Early Hours in the Levant—Compulsory Use of Lanterns in Cairo—Separation of the different Quarters of the City—Custom of sleeping in the open air—The Mahomedan Times of Prayer—Impressive Effect of the Morning Call to Prayer from the Minarets—The last Prayer-time, Al Assr—Bedouin Mode of ascertaining this Hour—Ancient Form of the Mosques—The Mosque of Sultan Hassan—Egyptian Mode of "raising the Supplies"—Sultan Hassan's Mosque the Scene of frequent Conflicts—The Slaughter of the Mameluke Beys in the Place of Roumayli—Escape of one Mameluke, and his subsequent Friendship with Mohammed Ali—The Talisman of Cairo—Joseph's Well and Hall—Mohammed Ali's Mosque—His Residence in the Citadel—The Harem—Degraded State of the Women in the East.

The early hours kept in the Levant cannot fail to strike the European stranger. At Cairo every one is up and about at sunrise; all business is transacted in the morning, and some of the bezesteins and principal bazaars are closed at twelve o'clock, at which hour many people retire to their homes and only appear again in the cool of the evening, when they take a ride or sit and smoke a pipe and listen to a storyteller in a coffee-house or under a tree. Soon after sunset the whole city is at rest. Every one who then has any business abroad is obliged to carry a small paper lantern, on pain of being taken up by the guard if he is found without it. Persons of middle rank have a glass lamp carried before them by a servant, and people of consequence are preceded by men who run before their train of horses with a fire of resinous wood, carried aloft on the top of a pole, in an iron grating called a mashlak.

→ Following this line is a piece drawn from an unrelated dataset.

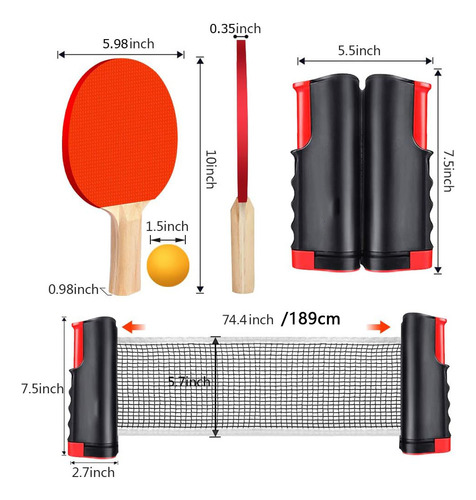 Set Ping Pong Tenis Mesa 2 Paleta + 6 Pelotas + Malla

This has a picturesque effect, and throws a great light around.

Each different district of the city is separated from the adjoining one by strong gates at the end of the streets: these are all closed at night, and are guarded by a drowsy old man with a long beard, who acts as porter, and who is roused with difficulty by the promise of a small coin when any one wants to pass. These gates contribute greatly to the peace and security of the town; for as the Turks, Arabs, Christians, Jews, Copts, and other religious sects reside each in a different quarter, any disturbance which may arise in one district is prevented from extending to another; and the drunken Europeans cannot intrude their civilization on their quiet and barbarous neighbours. There are here no theatres, balls, parties, or other nocturnal assemblies; and before the hour at which London is well lit up, the gentleman of Cairo ascends to the top of his house and sleeps upon the terrace, and the servants retire to the court-yard; for in the hot weather most people sleep in the open air. Many of the poorer class sleep in the open places and the courts of the mosques, all wrapping up their heads and faces that the moon may not shine upon them.

The Mahomedan day begins at sunset, when the first time of prayer is observed; the second is about two hours after sunset; the third is at the dawn of day, when the musical chant of the muezzins from the thousand minarets of Cairo sounds most impressively through the clear and silent air. The voices of the criers thus raised above the city always struck me as having a holy and beautiful effect. First one or two are heard faintly in the distance, then one close to you, then the cry is taken up from the minarets of other mosques, and at last, from one end of the town to the other, the measured chant falls pleasingly on the ear, inviting the faithful to prayer. For a time it seems as if there was a chorus of voices in the air, like spirits, calling upon each other to worship the Creator of all things. Soon the sound dies away, there is a silence for a while, and then commence the hum and bustle of the awakening city. This cry of man, to call his brother man to prayer, seems to me more appropriate and more accordant to religious feeling than the clang and jingle of our European bells.

The fourth and most important time of prayer is at noon, and it is at this hour that the Sultan attends in state the mosque at Constantinople. The fifth and last prayer is at about three o'clock. The Bedouins of the desert, who, however, are not much given to praying, consider this hour to have arrived when a stick, a spear, or a camel throws a shadow of its own height upon the ground. This time of the day is called "Al Assr." When wandering about in the deserts, I used always to eat my dinner or luncheon at that time, and it is wonderful to what exactness I arrived at last in my calculations respecting the time of the Assr. I knew to a minute when my dromedary's shadow was of the right length.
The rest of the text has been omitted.